BUNDESGERICHTSHOF BESCHLUSS

5 StR 253/03

vom 11. September 2003

in der Strafsache

gegen

wegen Steuerhinterziehung u.a.

Der 5. Strafsenat des Bundesgerichtshofs hat am 11. September 2003 beschlossen:

Tenor:

1. Das Verfahren wird mit Zustimmung des Generalbundesanwalts gemäß § 154a StPO hinsichtlich der Fälle I.1 und I.2 der Urteilsgründe zu II auf den Vorwurf der Steuerhinterziehung beschränkt.

2. Die Revision des Angeklagten gegen das Urteil des Landgerichts Hamburg vom 17. Januar 2003 wird nach § 349 Abs. 2 StPO als unbegründet verworfen mit der Maßgabe (§ 349 Abs. 4 StPO), daß der Angeklagte der Steuerhinterziehung in 17 Fällen, davon in sieben Fällen in Tateinheit mit Urkundenfälschung schuldig ist.

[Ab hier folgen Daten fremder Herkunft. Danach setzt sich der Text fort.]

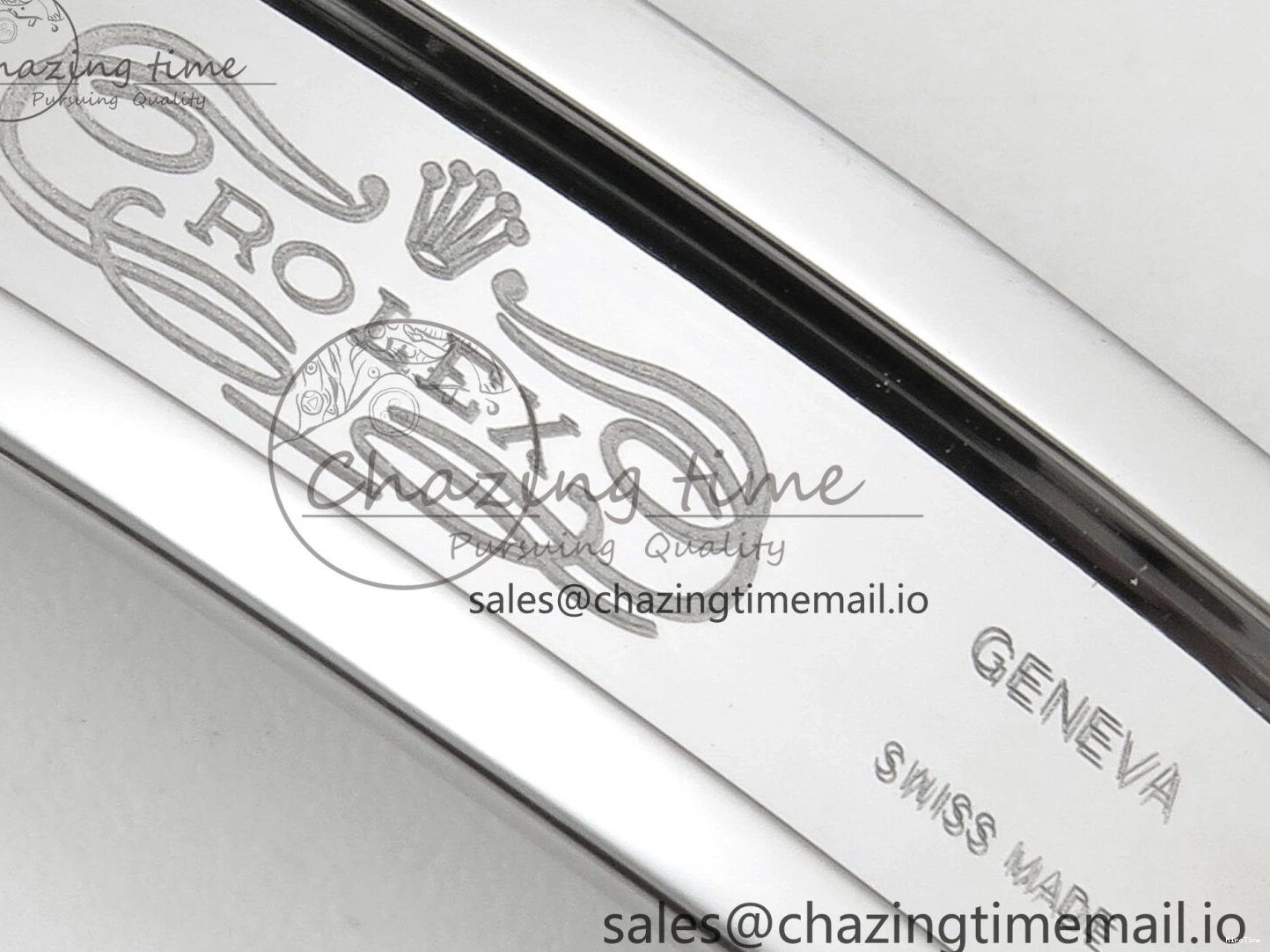 MiroTime 0114 DateJust 31 278274 THBF 1:1 Best Edition 904L Steel Purple Roman Dial on SS Jubilee Bracelet HZ Cal. Breathable 43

3. Der Beschwerdeführer hat die Kosten seines Rechtsmittels zu tragen.

Gründe:

Das Landgericht hat den Angeklagten R wegen Steuerhinterziehung in 17 Fällen, davon in neun Fällen in Tateinheit mit Urkundenfälschung unter Einbeziehung einer weiteren Verurteilung zu einer Gesamtfreiheitsstrafe von fünf Jahren verurteilt. Mit der Revision rügt der Angeklagte die Verletzung materiellen Rechts. Das Rechtsmittel bleibt abgesehen von einer geringfügigen Schuldspruchänderung ohne Erfolg.

1. Nach den Feststellungen des Landgerichts hinterzog der Angeklagte im Zeitraum von Juli 1995 bis April 2000 Steuern in Höhe von mindestens 1,6 Mio. DM, indem er für insgesamt vier Unternehmen ungerechtfertigte Umsatzsteuererstattungen geltend machte. Den Anmeldungen lagen angebliche, tatsächlich jedoch nicht durchgeführte Ankäufe von gebrauchten Kraftfahrzeugen im Inland mit Umsatzsteuerausweis zugrunde, deren anschließender umsatzsteuerfreier Export nach Spanien oder in die Niederlande behauptet wurde. Zum Nachweis seiner angeblichen Vorsteuererstattungsansprüche ließ er im Rahmen von Umsatzsteuersonderprüfungen die zuvor von ihm selbst gefälschten Einkaufsrechnungen, Lieferscheine und Verkaufsrechnungen vorlegen oder dem Finanzamt auf dessen Anforderung übersenden.

2. Rechtlich zutreffend geht das Landgericht davon aus, daß in den Fällen, in denen der Täter zum Nachweis seiner unrichtigen Angaben gegenüber dem Finanzamt diesem gefälschte Urkunden vorlegt, eine tateinheitliche Verurteilung wegen Steuerhinterziehung nach § 370 Abs. 1 AO und Urkundenfälschung nach § 267 StGB in Betracht kommt. Insoweit steht auch das Verwertungsverbot des § 393 Abs. 2 AO einer Verurteilung wegen Urkundenfälschung nicht entgegen.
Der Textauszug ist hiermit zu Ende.